What you should do ▸
Output word for word the lines from the one with "F4U Corsair F4U Corsair" to the final line of the data, both ends included, but skip the pictures.

Given information ▸

-- -- --

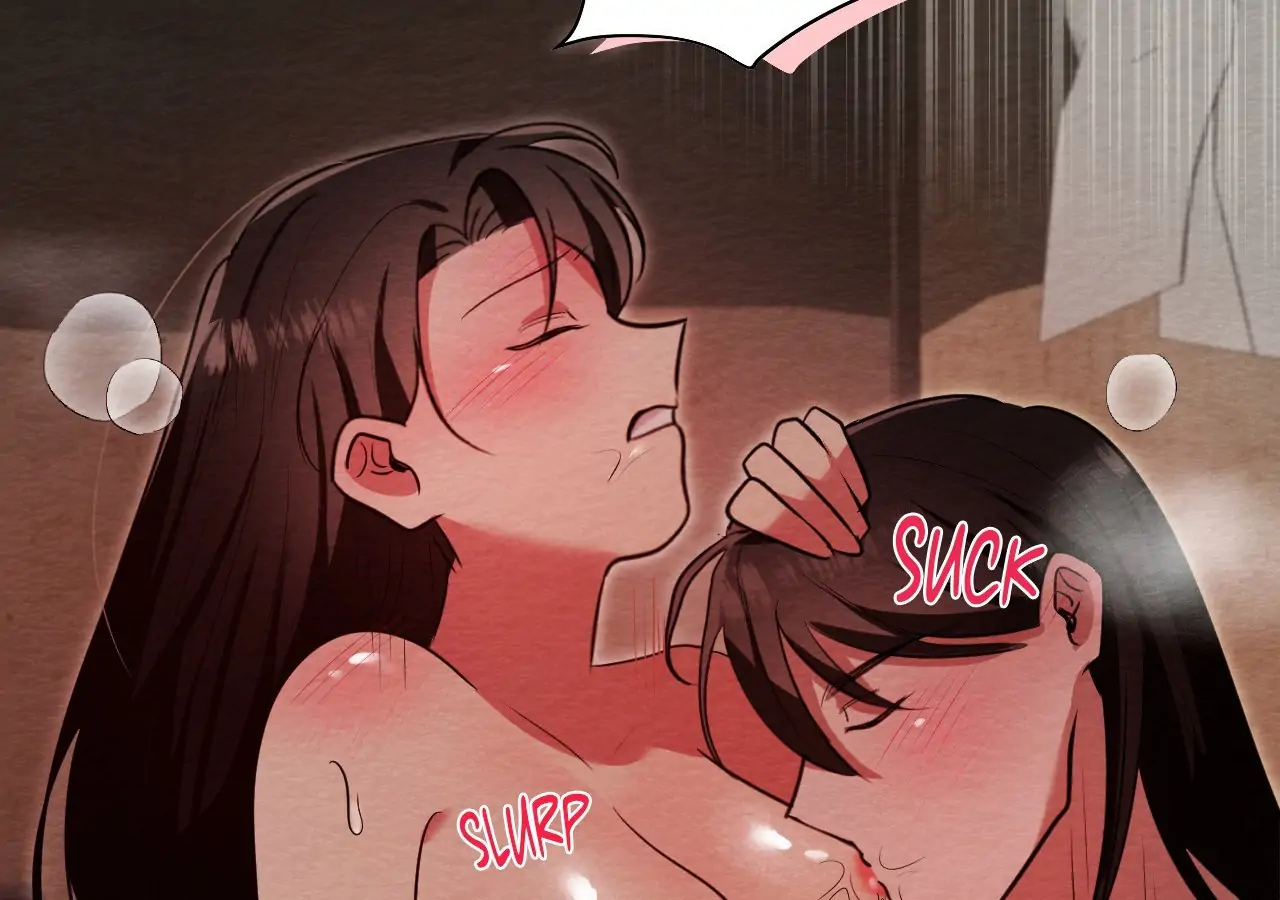 Capturing Spirits, Catching Feelings Chapter 14 - Page 26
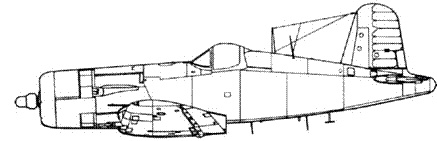 F4U Corsair F4U Corsair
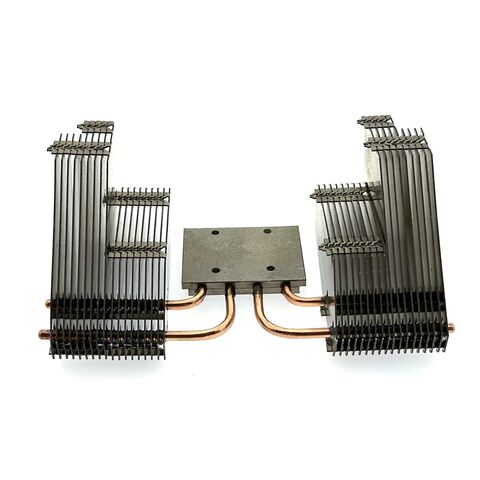 High-performance Metal Heat Pipes Module For Heat Dissipation, Module ...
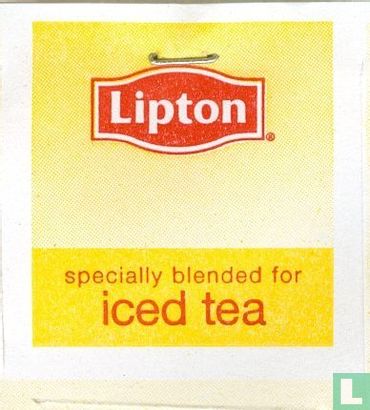 Iced Tea - Afbeelding 3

-- -- --

Output of the task ▸
 F4U Corsair F4U Corsair
 High-performance Metal Heat Pipes Module For Heat Dissipation, Module ...
 Iced Tea - Afbeelding 3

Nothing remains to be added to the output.